Rihlah Ziarah Santri Al-Mahrusiyah: Raden Fatah Demak
Santri dan Dzuriyyah Al-Mahrusiyah sedang berziarah di maqam Raden Pattah
Read Time:2 Minute, 37 Second
Tak henti-henti perjalanan terus berlanjut. Sesudah berziarah di maqam Sunan Kalijaga, armada pasukan bus dari Pondok Pesantren Al-Mahrusiyah langsung beranjak ke Masjid Demak. Guna melaksanakan ibadah sholat maghrib-isya jamak takdim qosor (untuk isya). Santri dituntut untuk melaksanakan jama’ah secara mandiri, sedang panitia fokus mengurusi lainnya.

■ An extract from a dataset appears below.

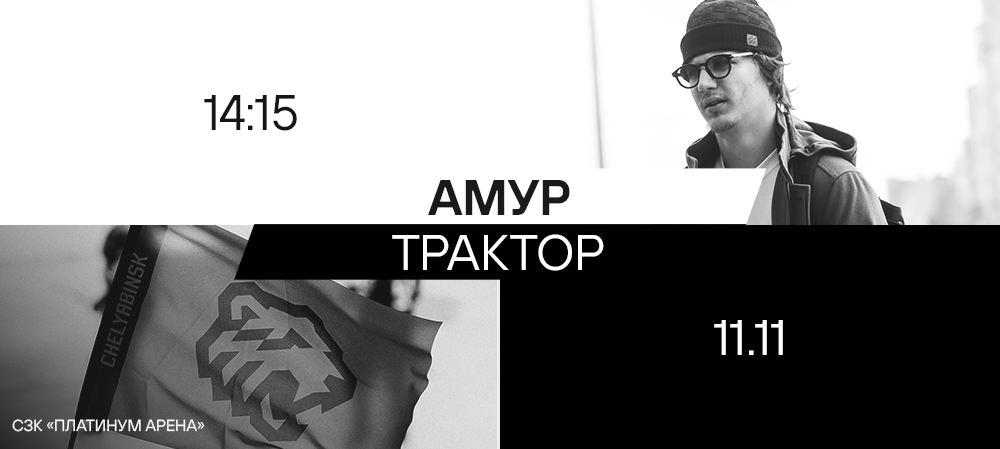 25/26. «Амур» vs «Трактор» 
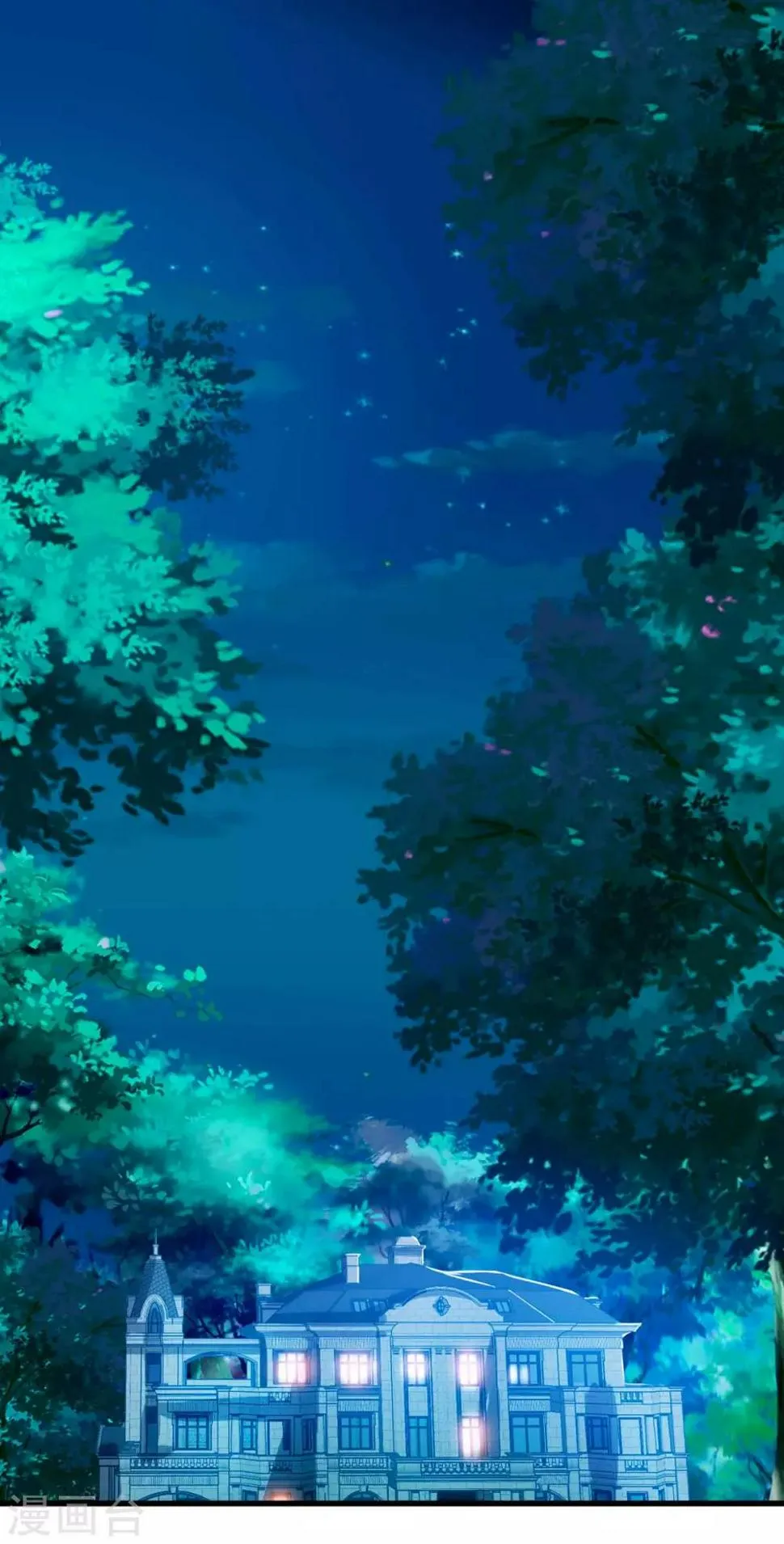 第34话 擒鲨行动开始 第20页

Masjid Agung Demak sendiri merupakan iconic-nya Kota Demak. Bangunannya yang masih mempertahankan sedikit lebihnya unsur hindu-budha, setelah beberapa kali mengalami renovasi. Karena berbeda sekali perbandingannya ketika saya lihat Masjid Agung Demak saat masih SMA -tahun 2016- dengan tahun 2022 ini.
Setelah saya menuntaskan sholat, pas sekali, suara kencang dari toa muncul menginfokan himbauan agar santri Al-Mahrusiyah segera menuju ke maqam. Saya dan para jama’ah berjalan ke arah utara dari serambi Masjid, diujung halaman kami melewati lorong yang menghubungkan maqam Raden Patah. Sebelum kesitu, sebelah kanan ada Museum Masjid Agung Demak. Tapi, kami tak bisa berkunjung ke dalam museum tersebut, menimbang waktu sangat dipertaruhkan.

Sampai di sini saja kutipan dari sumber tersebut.